Error: More than one R version specified in languages section.
[*coble] Error in creating recipe, please correct input before resuming.
# Optionally pull in the ready-completed template
coble template --recipe tutorials/sylver/sylver.cbl --flavour sylver
# Then build
coble build --recipe tutorials/sylver/sylver.cbl --env my-env
Final version: tutorials/sylver/sylver.cbl
#######################################
# COBLE:Reproducible environment yaml, (c) ICR 2026
#######################################
coble:
- environment: coble-env
channels:
# note the reverse order of priority
- r
- bioconda
- conda-forge
- defaults
languages:
- r-base=3.6.0@r
flags:
- dependencies: NA
- compile-tools: 13.1
- build-tools: false
- priority: strict
- channel: bioconda
- channel: conda-forge
r-conda:
- BiocManager
- remotes
- tidyverse=1.3.1
- effsize=0.8.1
- magrittr=2.0.1
- tidyverse=1.3.1
- ggplot2
- ggrepel=0.9.1
- VennDiagram=1.6.20
bioc-conda:
- affy=1.64.0
- fgsea=1.12.0
- GSVA=1.34.0
- org.Hs.eg.db=3.10.0
r-package:
- survival=3.2-11
bioc-package:
- limma=3.42.2
4. Tracking the output logs¶
Now we are running we can track the logs.

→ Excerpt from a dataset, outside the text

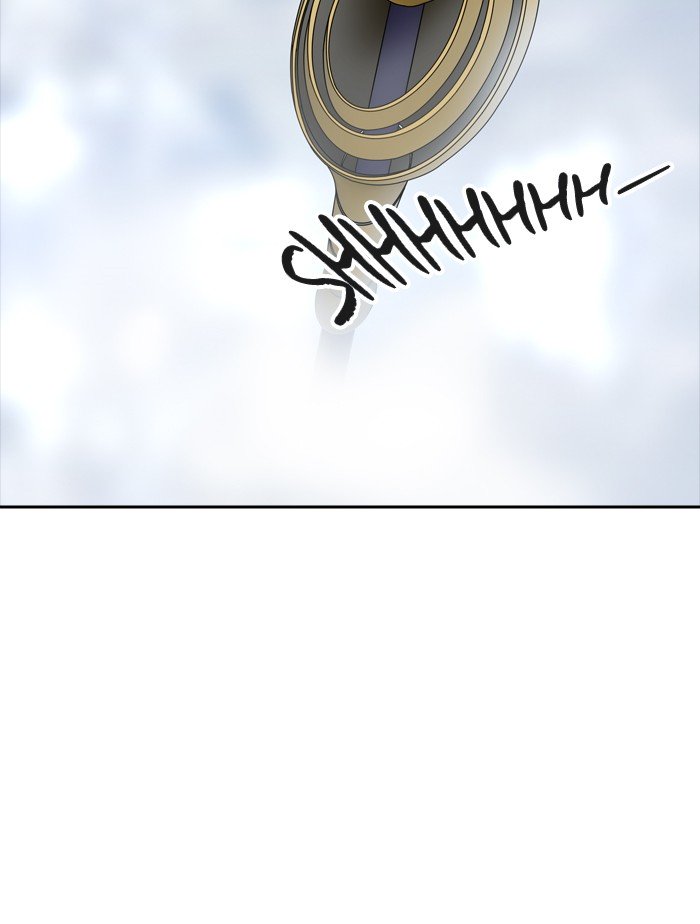 Tower of God, Chapter 378 image 39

- sylver.sh - the cbl transformed into a pure bash script that could be run instead
- sylver.log - each bash install cleans and runs here so you can track the stdout
- sylver.err - each bash line cleans the err file so you can track the current stderr
- sylver_summary.txt - after each install the logs are parsed for important info eg errors or dependencies. This is output along with the timings so you can keep an eye on the entire install here.